(Composed as a fantasia in verse on the thirty-two songs of Fiona Apple, and conceived as a tribute to their author.)
- for Heather -
I.
Extraordinary things, I once was told,
are fashioned of the mundane.
I wake to die and I die to sleep
and I sleep to dream. It is plain!
Yes, my ordinary life has been
an ordinary disaster.
Does this explain my extra intentions
for things made out of plaster?
Plaster: my latest trope for song.
I can hear my judges, my panel.
They escort me back to my old machine,
my zebra-striped piano –
the altar at which some pilgrim in me
gets down on her hands and knees.
Who summons my fingers to rid their angst
on these eighty-seven keys?
Muses, ladies, sisters, come on!
Can you lend me some wand or fairy
to help me in shoving the extra back
into this ordinary?
* * *
Pearls are the Diver’s farthings, said Emily,
extorted from the Sea.
I’m sure she wrote a poem or two
of the pearls that were taken from me!
God made a Clam – Life took the Pearl –
And it left behind a sullen Girl –
Or, Neptune admired a tender Whorl –
He left her Shell and took her Pearl –
Or maybe my fingers compare to T. S.
Eliot’s ragged claws.
They scuttle across the silent seas
to the waves’ unflagging applause.
Song is memory’s reenactment
of voices that have been stolen.
The idea’s to make their silence pure;
instead, they call me sullen.
Yes, my song is an imprint of the time
when love in me did abound.
Now emptiness is my abundance and
my abundance is my sound.
Quavers drift into the shell like pearls.

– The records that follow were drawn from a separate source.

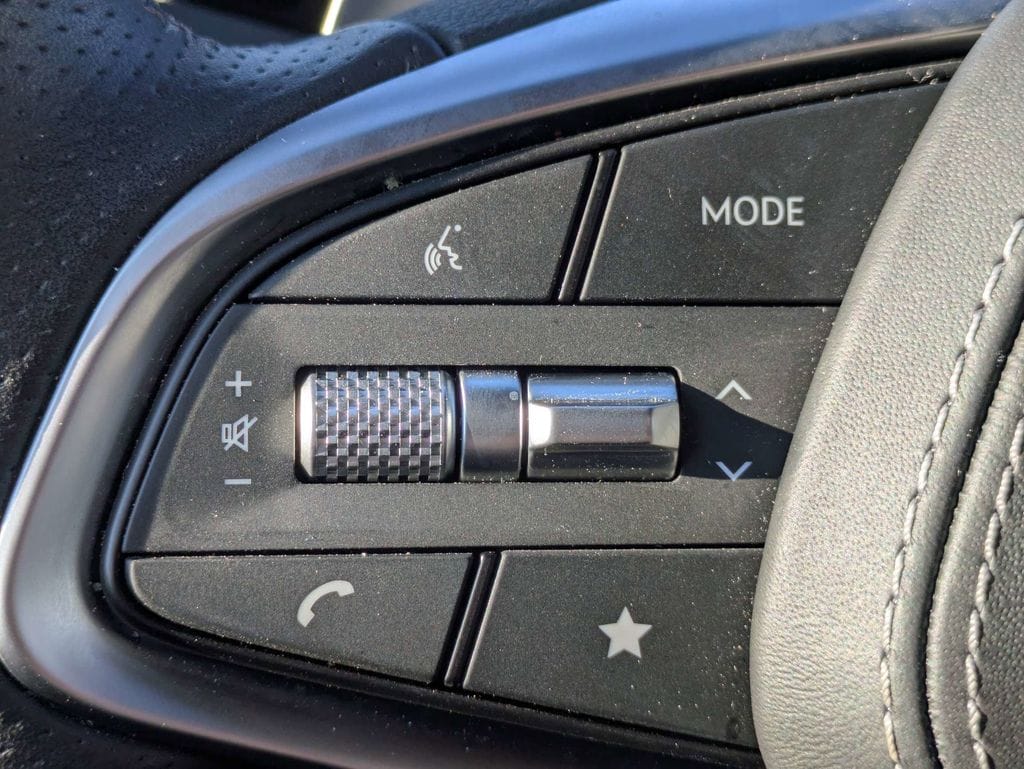 2025 GENESIS GV70 Sport - Photo 29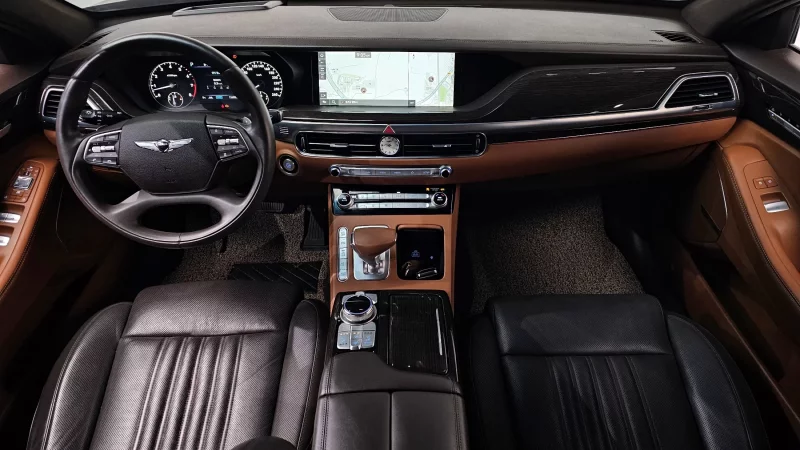 Genesis G90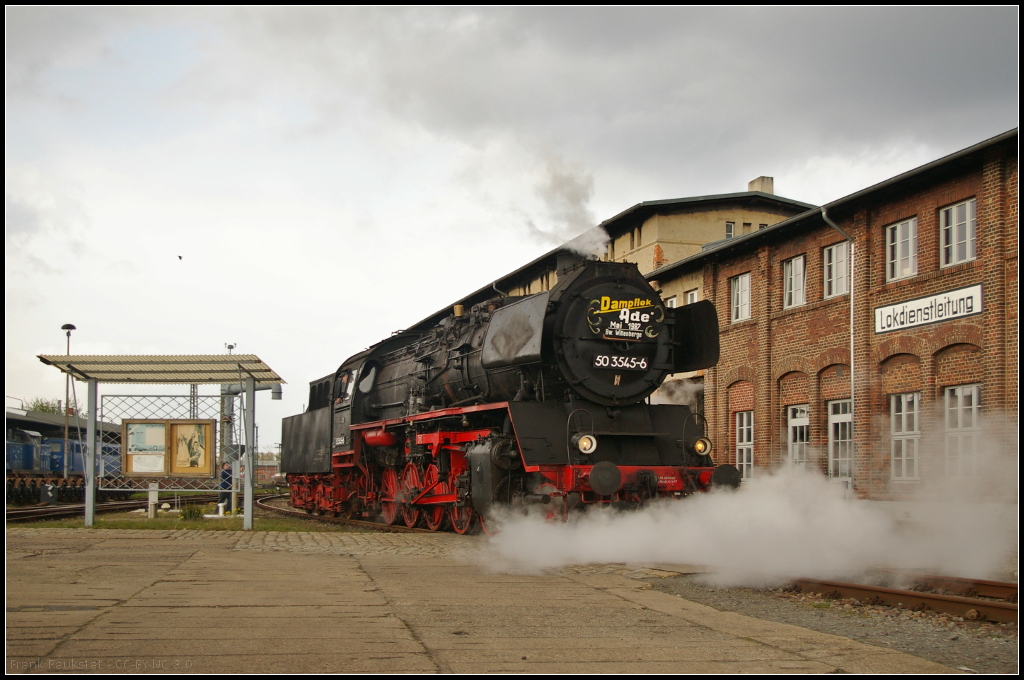 DR 50 3545-6 fährt zum Wasserfassen an den Wasserkran gegenüber der Lokdienstleitung. Bei der Veranstaltung  30 Jahre Traktionswechsel Wittenberge  am 06.05.2017 wurden für die Besucher einige spezielle Fotopunkte angefahren, was gerne angenommen wurde.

I play them to get rid of them.
Decrescendo. Thus I seek
an emptier, bluer oblivion.
* * *
A philosophy prof explained to me
about the Platonic forms.
They’re arrayed on a heaven within the mind,
immune from human storms.
Love is the foremost, so Plato said,
of the shadows with which we box.
It grants us entry into each other.
It also gives us the pox.
Occasionally it condescends
to appear within another.
If you spy it emerging tipped in flame,
you’d better run for cover.
I envy the gods in Homer’s world,
upon their Elysian meadows.
They sing without needing to earn their pay.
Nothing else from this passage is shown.